2. The navigation system for the remote controlled actuator as claimed in claim 1, in which the tool marker is fitted to a calibrating member removably mounted on the distal end member.

3. The navigation system for the remote controlled actuator as claimed in claim 2, in which the processing member of the tool is of a curved configuration, at least a portion of an outer surface thereof, which contains a tip end point located on a rotational center line of the tool, being convexed outwardly thereof and in which the calibrating member has a calibrating point that is held in contact with the tip end point of the processing member, a portion of the calibrating member in proximate to the calibrating point having an outer surface of a curved shape concaved along a curved outer surface of the processing member.

4. The navigation system for the remote controlled actuator as claimed in claim 1, in which each of the main body marker and the tool marker is of a type capable of projecting or reflecting light and the marker detecting unit is of an optical type capable of receiving light from the main body marker and the tool marker.

5. The navigation system for the remote controlled actuator as claimed in claim 1, in which the tool attitude detector is provided in the attitude altering drive source or a drive system for transmitting an operation from the attitude altering drive source to the distal end member and is operable to output an electric signal corresponding to the attitude of the distal end member.

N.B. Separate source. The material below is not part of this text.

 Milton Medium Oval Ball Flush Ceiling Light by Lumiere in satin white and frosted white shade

6. The navigation system for the remote controlled actuator as claimed in claim 1, further comprising a display unit for displaying images and in which the tool processing member position estimator is provided with an actuator display information generator for calculating an actuator display information, which is information for displaying the position and attitude of the actuator main body and the attitude of the distal end member, from various input information that is used in the estimation of the position of the tool, and then displaying such actuator display information on a screen of the display unit.

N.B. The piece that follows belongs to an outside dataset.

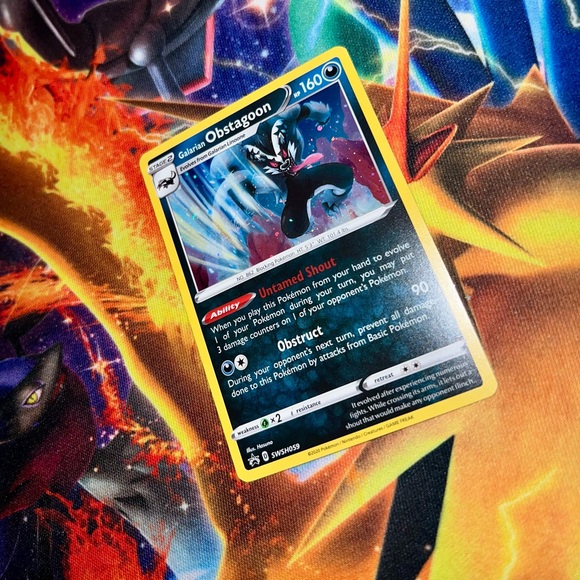 Pokémon Galarian Obstagoon Black Star Promo Holo card Champions Path - Picture 1 of 3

7. The navigation system for the remote controlled actuator as claimed in claim 6, in which the actuator display information generated by the actuator display information generator is information necessary to display the position and attitude of the actuator main body and the attitude of the distal end member on a screen of the display unit in the form of series of dots.

8. The navigation system for the remote controlled actuator as claimed in claim 6, in which the actuator display information generator is of a type generating, as the actuator display information, a graphic symbol and then displaying the graphic symbol on a screen of the display unit, which symbol is representative of an external shape of the tool, the distal end member and the actuator main body, which reflect the position and attitude of them, by means of a computer graphics.

9. The navigation system for the remote controlled actuator as claimed in claim 6, in which the actuator display information generated by the actuator display information generator is information in the form of a numeral on a screen of the display unit.

10. The navigation system for the remote controlled actuator as claimed in claim 1, in which the distal end member rotatably supports the spindle for holding the tool; the spindle guide section includes a rotatable shaft for transmitting rotation of the tool rotation drive source within the drive unit housing to the spindle and an attitude altering member for altering the attitude of the distal end member by selectively advancing or retracting by means of the attitude altering drive source within the drive unit housing in a condition with the tip end held in contact with the distal end member.